But cast your mind back a few years, and you actually may have first laid eyes on Schultz as he served you an iced coffee or an IPA. Schultz worked in Gotham back in 2008-09 as both a barista in Starbucks and a bartender in the Williamsburg hipster joint Surf Bar.

“The cost of living was very frustrating,” he explains, recalling the effort he put into getting the Lumineers off the ground while keeping his own head above water. “I found that the time you have to work on your art can be very limited. But at the same time, it’s one of the most colorful places in the world and I wouldn’t trade the time I lived there for the world.”

It proved to be too much of a challenge for the singer, so both he and his multi-instrumentalist bandmate, Jeremiah Fraites, decided to move to Denver with little more than a suitcase each.

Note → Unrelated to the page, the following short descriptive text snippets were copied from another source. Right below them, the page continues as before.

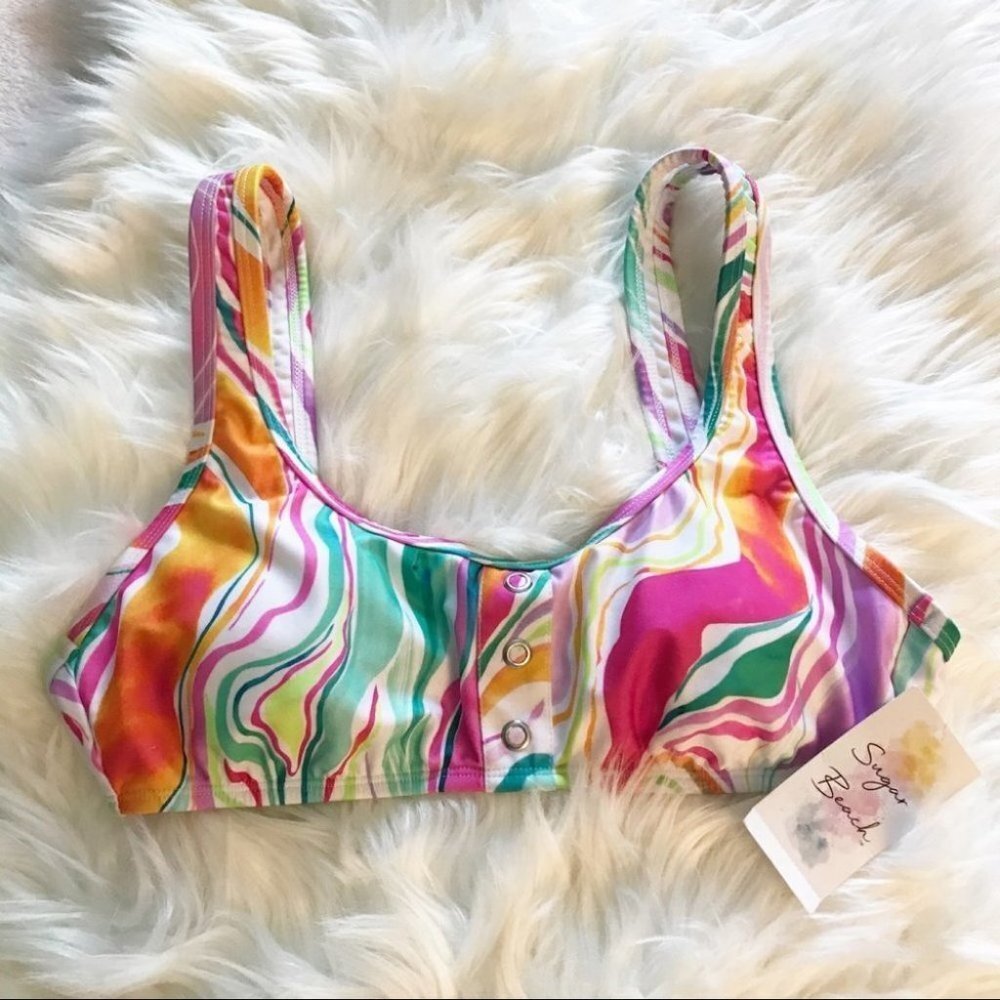 SUGAR BEACH Top With removable pads Swim Swimsuit Multicolor Size M New - Picture 2 of 11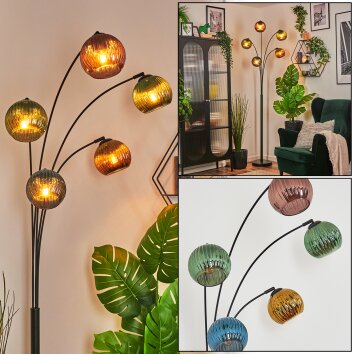 Koyoto Kogellampje, Staande lamp Blauw, Goud, Groen, Koperkleurig, 5-lichts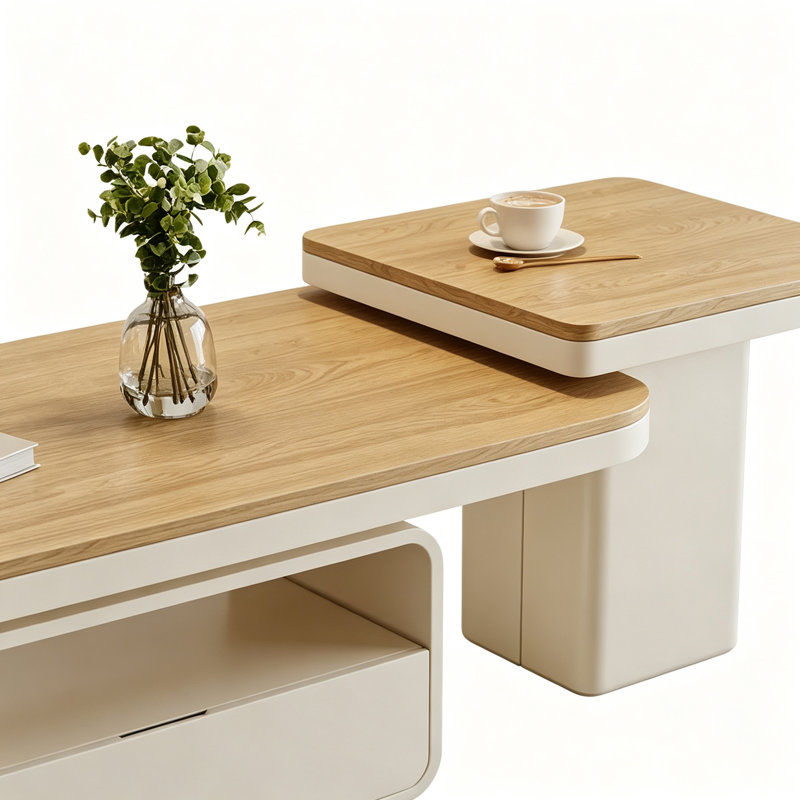 Table basse de style crème française, 16.53" H x 43.3" W x 23.62" D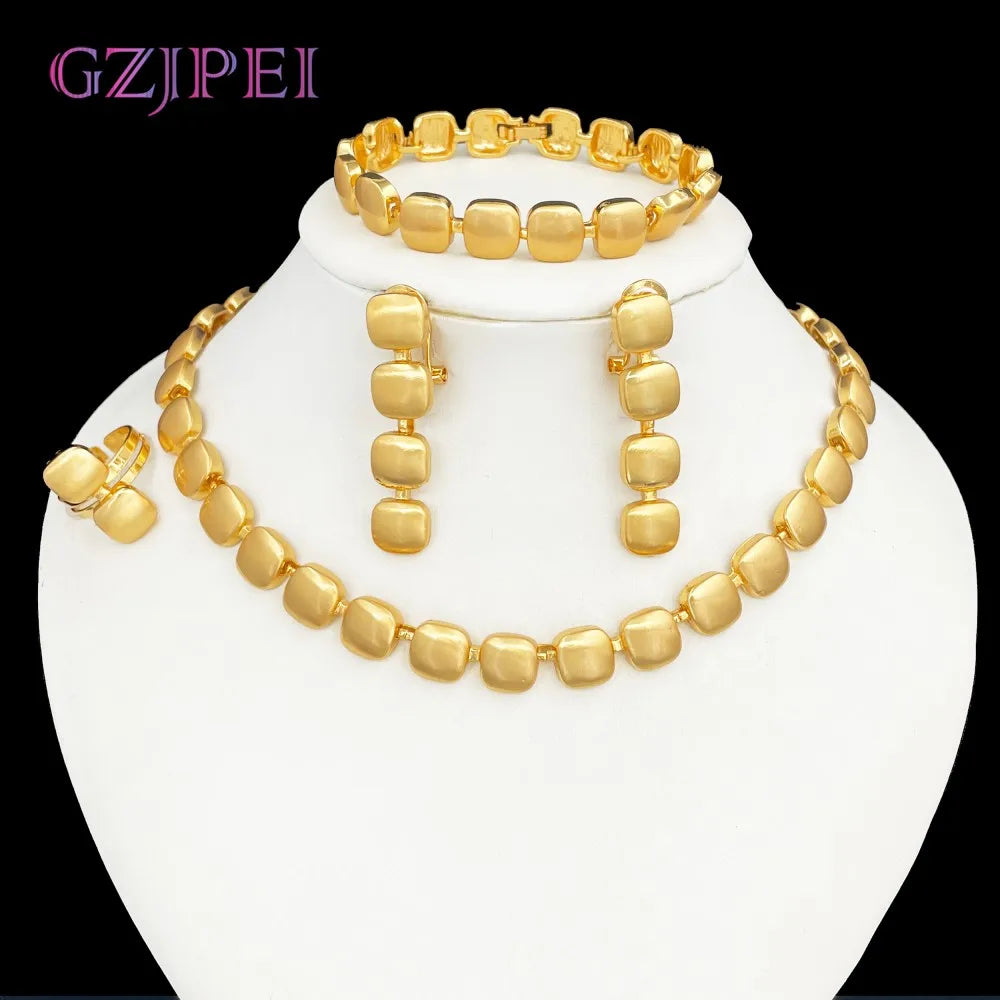 Ensemble de bijoux classique carré  collier boucle d'oreille Bracelet bague pour les femmes 2025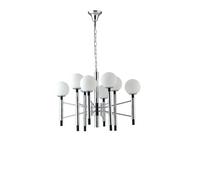 Netlighting Hammond 8 Light Mutli Arm Globe Ceiling Pendant Chrome Opal White E14 in Silver Netlighting Silver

It was there that they met cellist Neyla Pekarek, thus completing the core lineup of the group and the trio finally set about carving the rustic, folk-rock sound that has seen them rise to fame so quickly over the last year.

“There’s that saying that it takes 10 years to be an overnight success,” Schultz adds dryly. “That sort of applies to us. We’ve been knocking on the door for a while but all of a sudden, everyone’s inviting us over. But having to wait that long has helped us forge a stronger identity and it’s helped us to realize that the music business is quite a fickle thing.”

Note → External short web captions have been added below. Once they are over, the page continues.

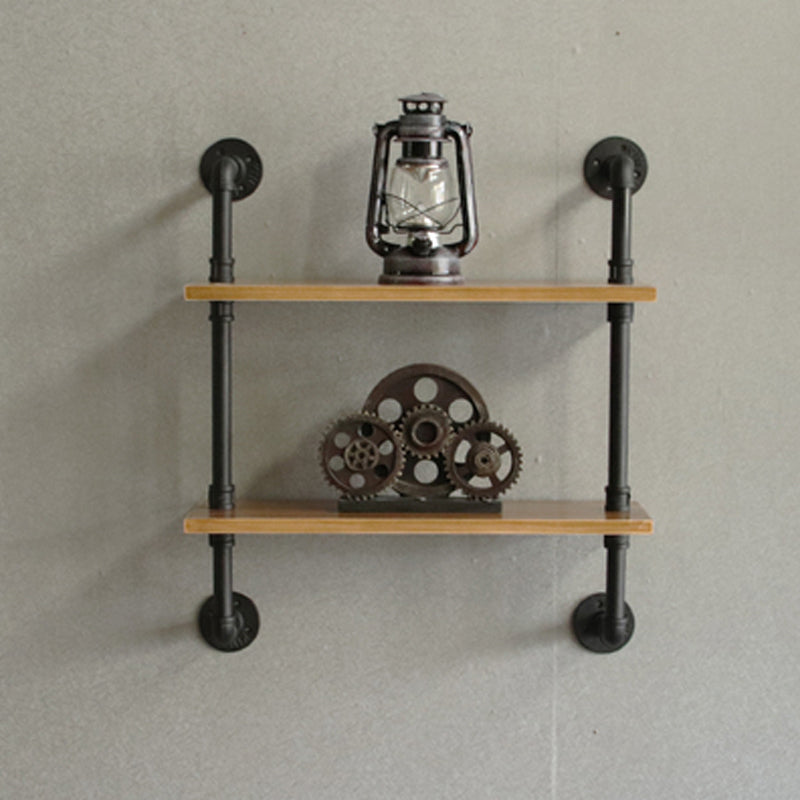 Wall Unit and Etagere Bookshelf Industrial Black Iron Frame and Pine Wood Shelf Wall Unit 23.6"L x 7.9"W x 23.6"H Clearhalo 'Bookcases' 'furn' 'furn_bookcases' 'Furniture' 'furniture_bookcases' 'kitchen' 'kitchen_bookcases' 'Living Room Furniture' 'Office Furniture' 4844770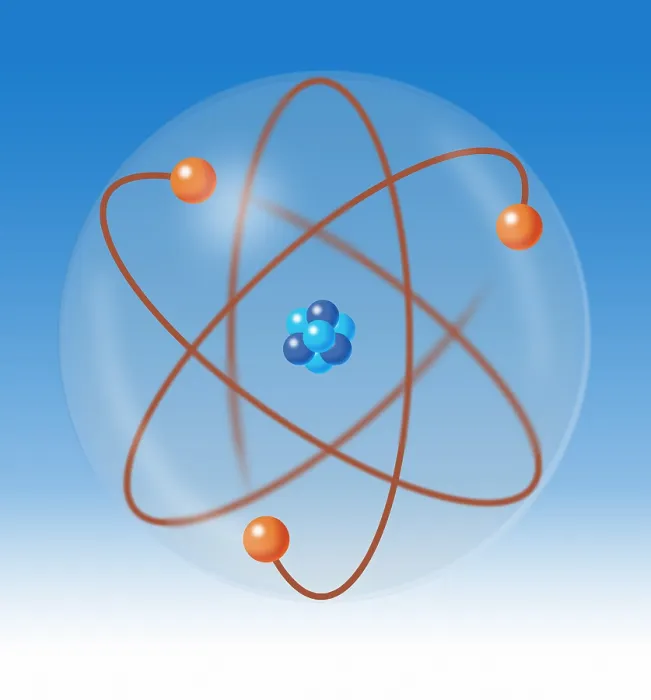 Framed Print : Atomic Model, Illustration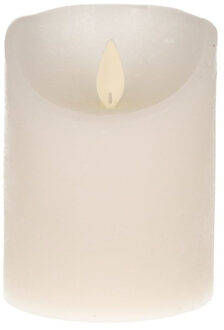 Anna's Collection 2x LED kaars/stompkaars wit met dansvlam 10 cm - LED kaarsen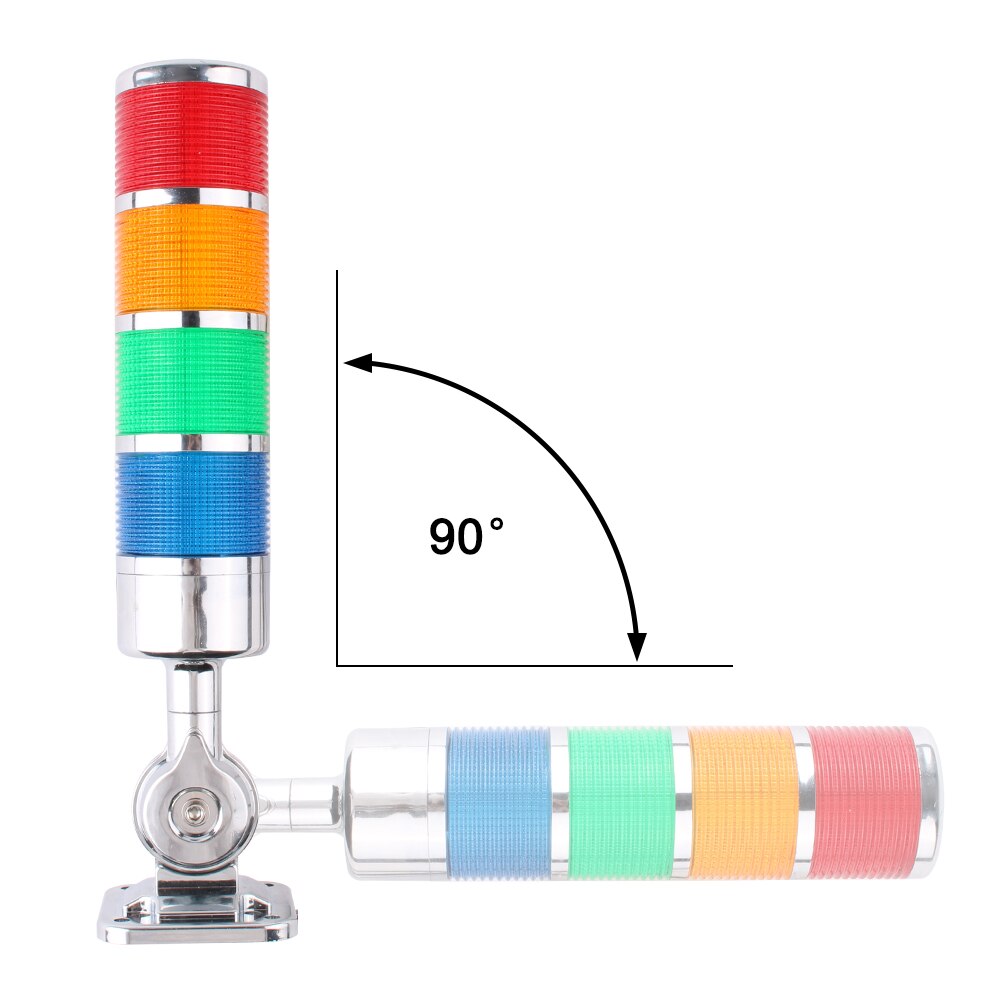 4 layers Rotatable 180 Stack light Red warning light industrial for CNC machine DC 24V 12V AC220V 110V Steady flashing light LED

You’d expect Schultz to be more effusive about the Lumineers’ accolades but instead, it’s almost like he’s talking about taking out the trash. He’s obviously been around the block too many times to get carried away, but the one thing that seems to spark some glee into him is the Lumineers’ current tour, opening for Dave Matthews Band (a jaunt which calls at the Barclays Center this Friday). It’s an experience that evidently means more to him than any Grammy nods.

“One of the reasons I got into playing guitar was because I went to a Dave Matthews Band show when I was 15 or 16,” he says. “And here I am all these years later, opening for them. It’s pretty exciting.”